== Segment start ==

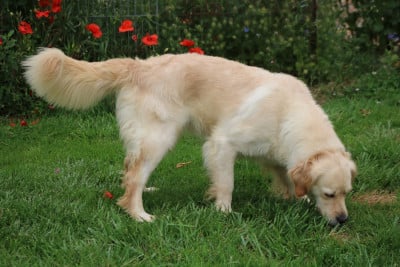 Touraine Des Gardiennes De La Vallée Du Cher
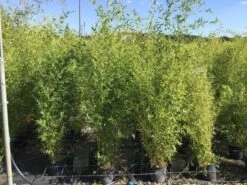 Bamboe (Phyllostachys Aureosulcata 'Spectabilis') 27 Bamboe (Phyllostachys Aureosulcata 'Spectabilis') -Garden Plants Series Store phyllostachys aureosulcata spectabilis 100125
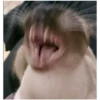 AAAAAAHHH CATS 11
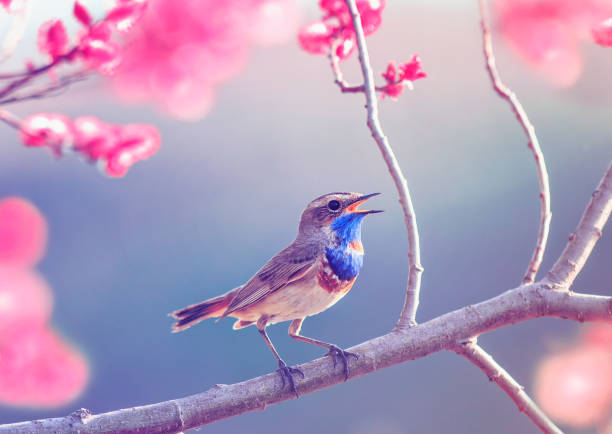 Photo of little bird with a blue throat sits on a flowering rose bushes in the garden  may Sunny garden in delicate lilac tones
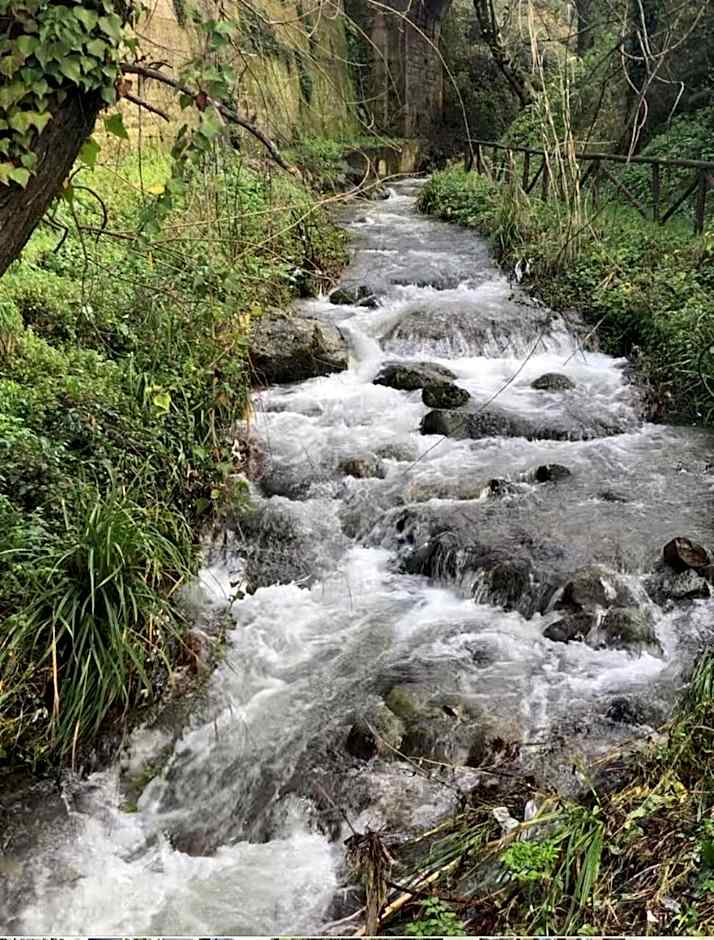 villa ascosa residence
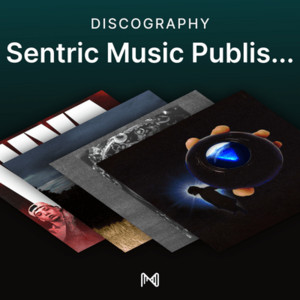 spotify image
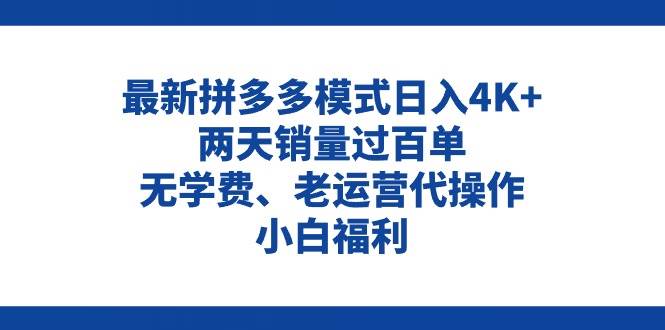 拼多多最新模式日入4K+两天销量过百单，无学费、老运营代操作、小白福利-蓝海无涯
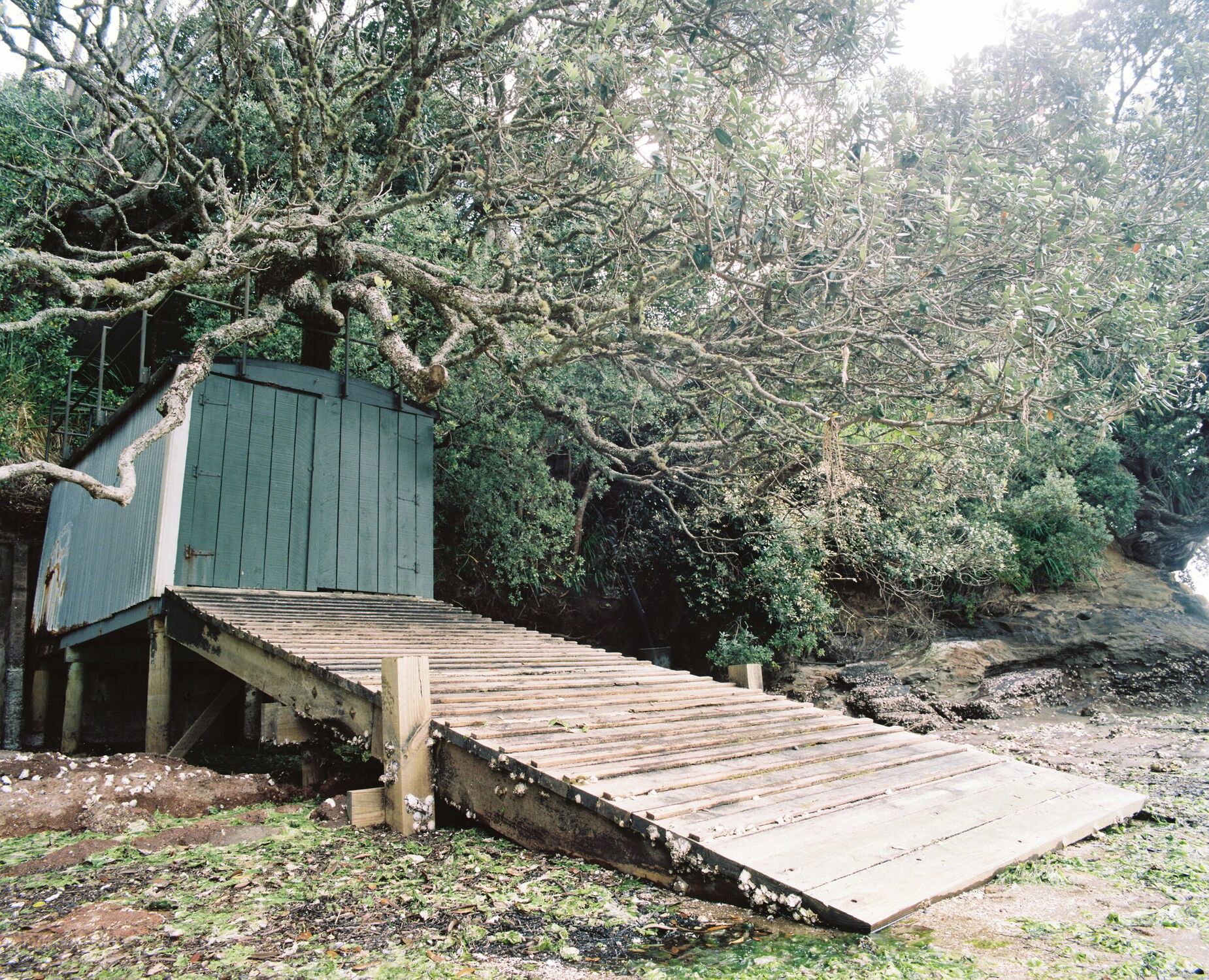 A boathouse under a tree nestled between the rocks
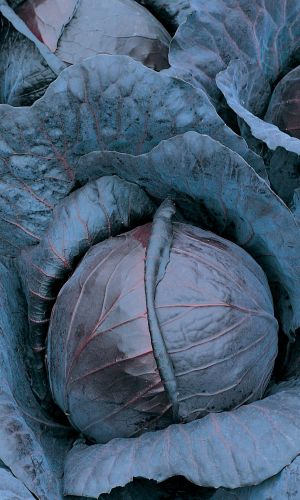 Капуста краснокочанная МИХНЕВСКАЯ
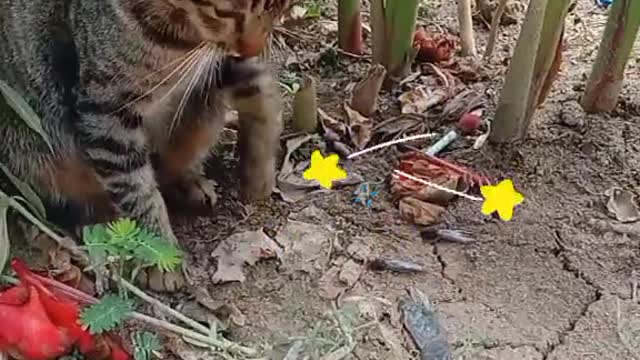 cat vs lizard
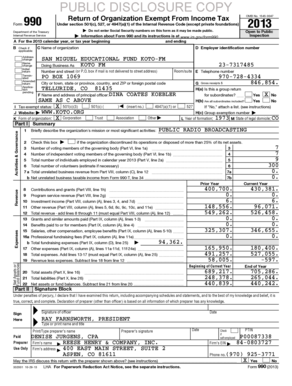 Form 990 2013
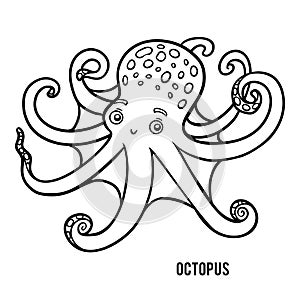 Coloring book, Octopus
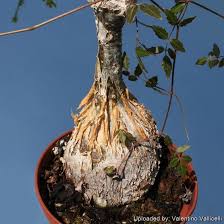 Image result for Cyphostemma zombense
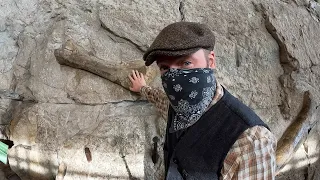 Touch real dinosaur bones at Dinosaur National Monument - Utah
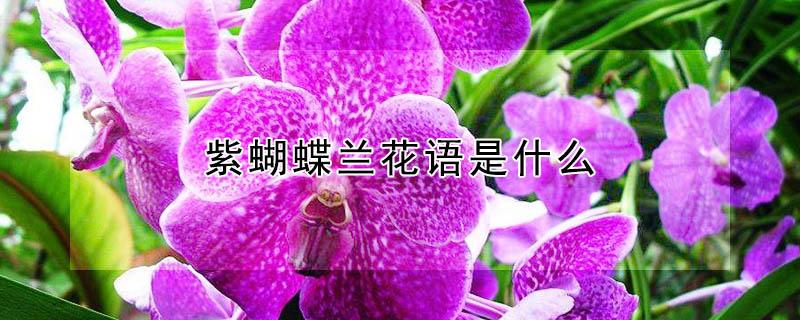 紫蝴蝶兰花语是什么（蝴蝶紫罗兰花语）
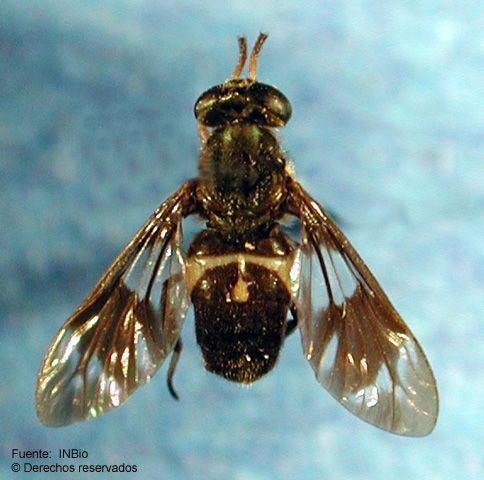 <i>Chrysops nexosus</i> Fairchild 1979的圖片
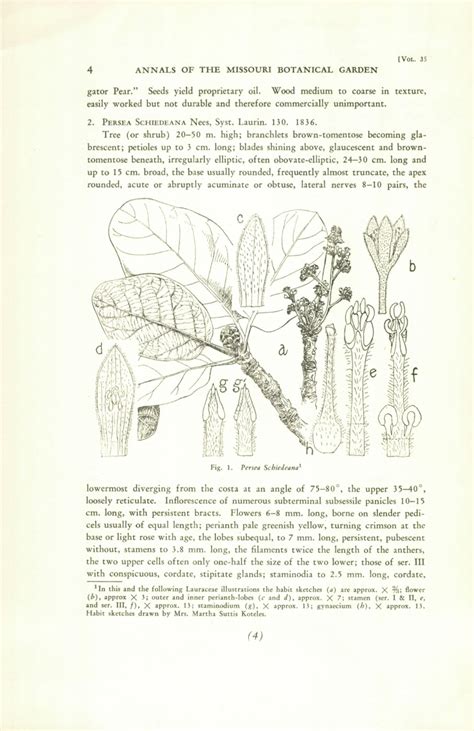 Persea Schiedeana Images Useful Tropical Plants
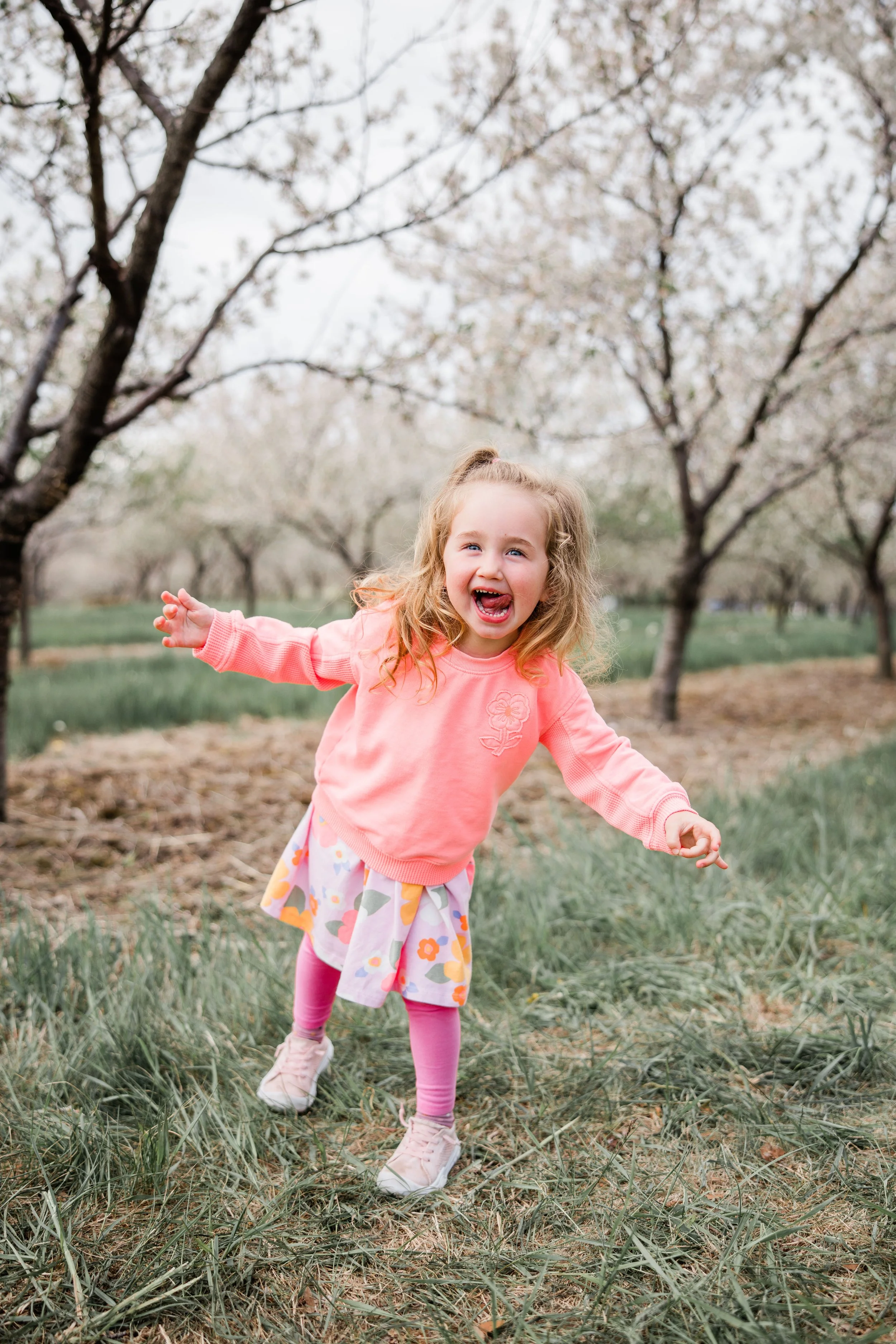 Mead Cherry Blossom 2026-6.jpg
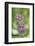 dwarf catchfly, blossoms, close up-David & Micha Sheldon-Framed Photographic Print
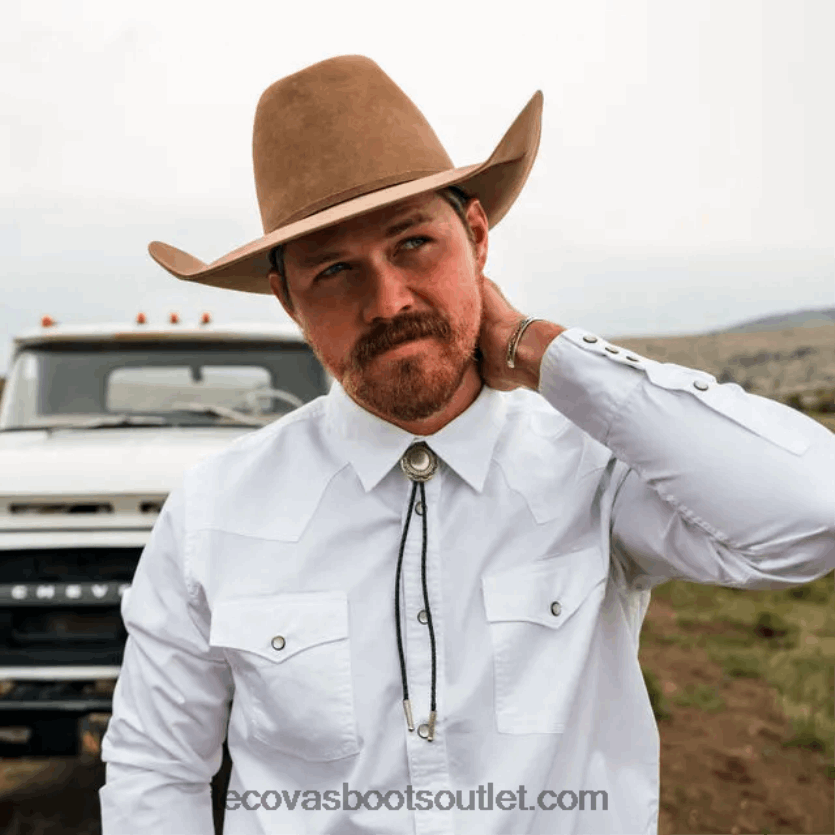 homens sarja de algodão pérola snap Z4488X43 neve Tecovas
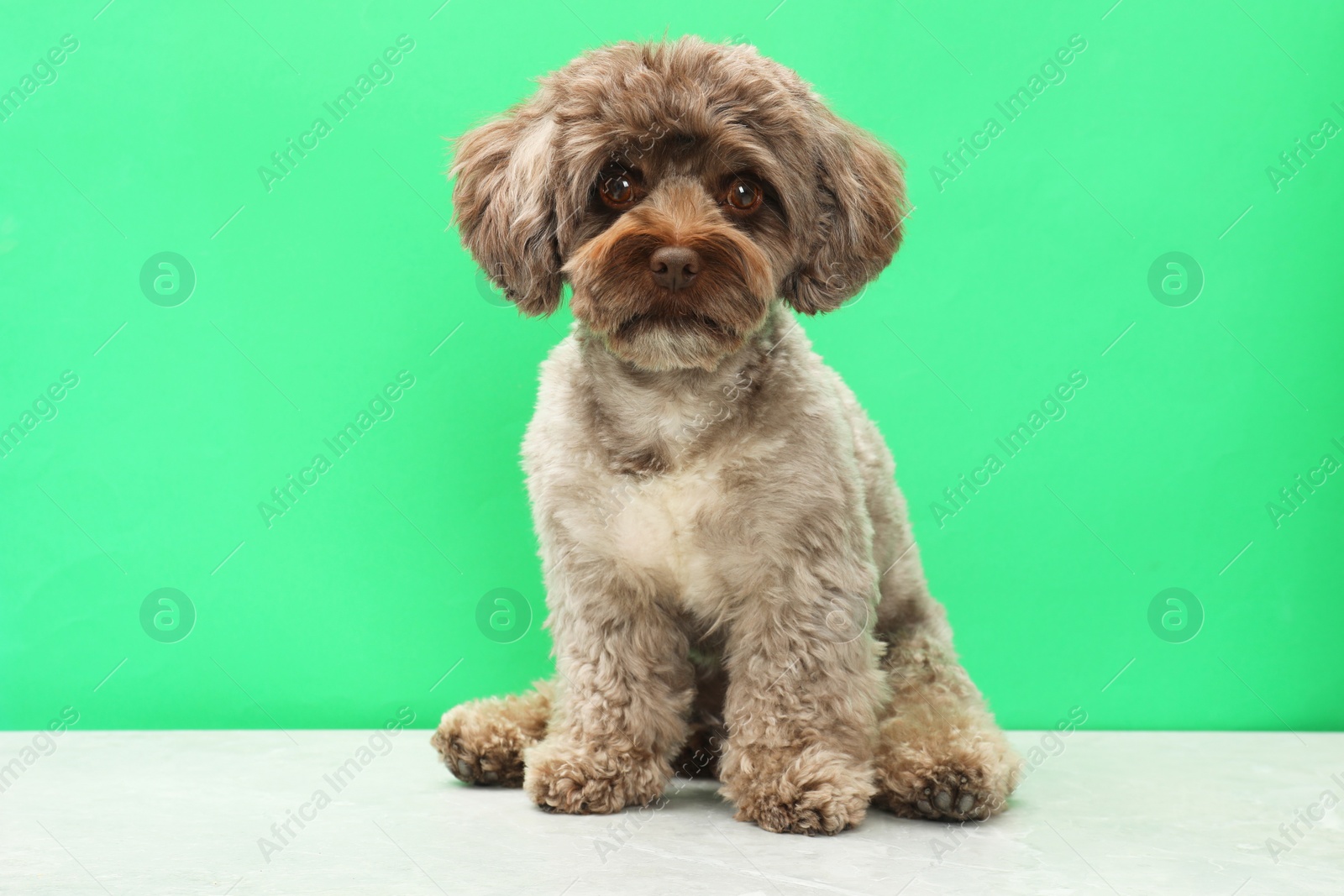 Photo of Cute Maltipoo dog on green background. Lovely pet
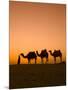 Camels Near the Pyramids at Giza, Cairo, Egypt-Doug Pearson-Mounted Photographic Print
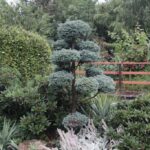 Gospodarstwo agroturystyczne "Pod Laskiem" (11.07.2017) / Krzysztof Bujnowicz / Radio Kielce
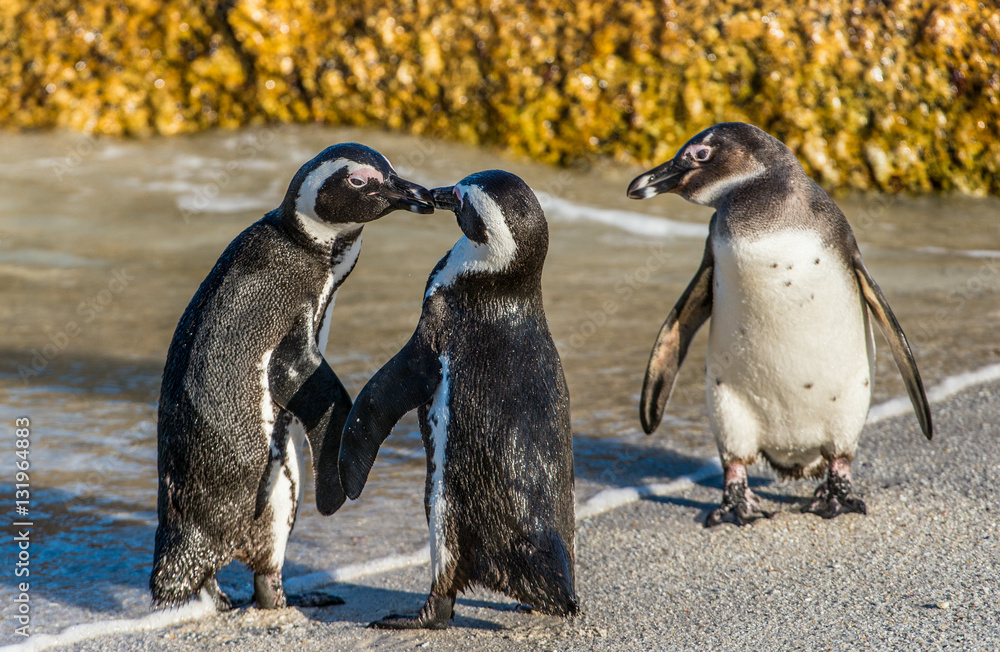 Obraz premium Kissing African penguins on the beach. African penguin ( Spheniscus demersus) also known as the jackass penguin and black-footed penguin. Boulders colony. Cape Town. South Africa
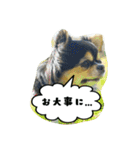 チワワの『れもん』ちゃんのスタンプ♪（個別スタンプ：27）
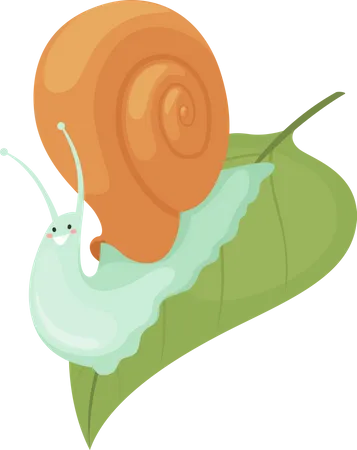 Snail on leaf Illustration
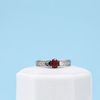 Roz's Ring 2
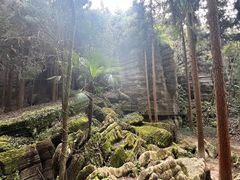 -梭布垭石林景区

== Segment end ==

Task requirements :: Give every line of the records above again, exactly, and omit the pictures.

Answer for the task ::
 Touraine Des Gardiennes De La Vallée Du Cher
 Bamboe (Phyllostachys Aureosulcata 'Spectabilis') 27 Bamboe (Phyllostachys Aureosulcata 'Spectabilis') -Garden Plants Series Store phyllostachys aureosulcata spectabilis 100125
 AAAAAAHHH CATS 11
 Photo of little bird with a blue throat sits on a flowering rose bushes in the garden  may Sunny garden in delicate lilac tones
 villa ascosa residence
 spotify image
 拼多多最新模式日入4K+两天销量过百单，无学费、老运营代操作、小白福利-蓝海无涯
 A boathouse under a tree nestled between the rocks
 Капуста краснокочанная МИХНЕВСКАЯ
 cat vs lizard
 Form 990 2013
 Coloring book, Octopus
 Image result for Cyphostemma zombense
 Touch real dinosaur bones at Dinosaur National Monument - Utah
 紫蝴蝶兰花语是什么（蝴蝶紫罗兰花语）
 <i>Chrysops nexosus</i> Fairchild 1979的圖片
 Persea Schiedeana Images Useful Tropical Plants
 Mead Cherry Blossom 2026-6.jpg
 dwarf catchfly, blossoms, close up-David & Micha Sheldon-Framed Photographic Print
 homens sarja de algodão pérola snap Z4488X43 neve Tecovas
 Photo of Cute Maltipoo dog on green background. Lovely pet
 Camels Near the Pyramids at Giza, Cairo, Egypt-Doug Pearson-Mounted Photographic Print
 Gospodarstwo agroturystyczne "Pod Laskiem" (11.07.2017) / Krzysztof Bujnowicz / Radio Kielce
 Obraz premium Kissing African penguins on the beach. African penguin ( Spheniscus demersus) also known as the jackass penguin and black-footed penguin. Boulders colony. Cape Town. South Africa
 チワワの『れもん』ちゃんのスタンプ♪（個別スタンプ：27）
 Snail on leaf Illustration
 Roz's Ring 2
 -梭布垭石林景区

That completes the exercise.